WORK REQUIRED.
Would you restate each line of the data below word for word, without its pictures?

THE DATA.

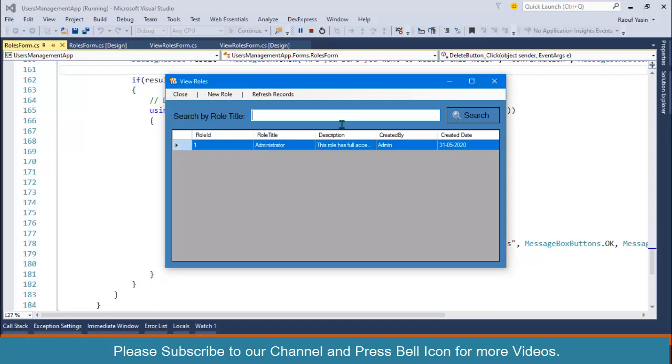We will perform CRUD operations step by step on the users table. After that we can create a login form, change password, and login and logout functionality. After that we will discuss privileges to understand what we are going to build in our next table.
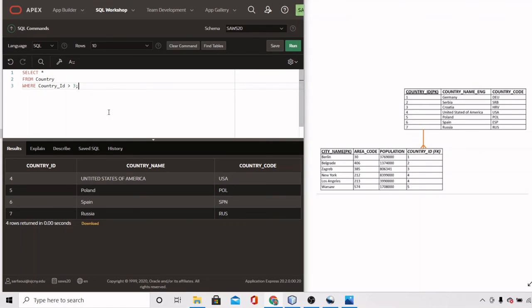This is the end of this video. Stay tuned for the next one, where I'll show you how to use ORDER BY to sort result sets.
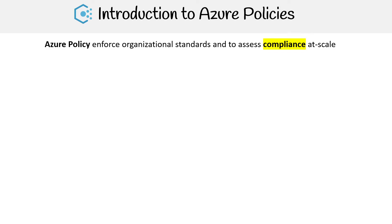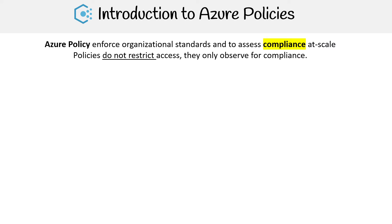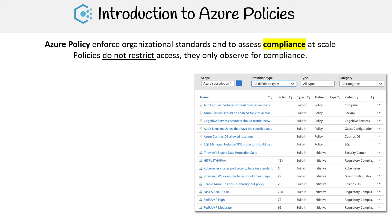Azure policies are used to enforce organizational standards and to assess compliance at scale. Policies do not restrict access — they only observe for compliance. In the Azure Policy Portal on the right-hand side, you're going to see a big list of policies. Azure has a bunch of policies built in for you right away that you can use.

TASK ANSWER.
We will perform CRUD operations step by step on the users table. After that we can create a login form, change password, and login and logout functionality. After that we will discuss privileges to understand what we are going to build in our next table.
This is the end of this video. Stay tuned for the next one, where I'll show you how to use ORDER BY to sort result sets.
Azure policies are used to enforce organizational standards and to assess compliance at scale. Policies do not restrict access — they only observe for compliance. In the Azure Policy Portal on the right-hand side, you're going to see a big list of policies. Azure has a bunch of policies built in for you right away that you can use.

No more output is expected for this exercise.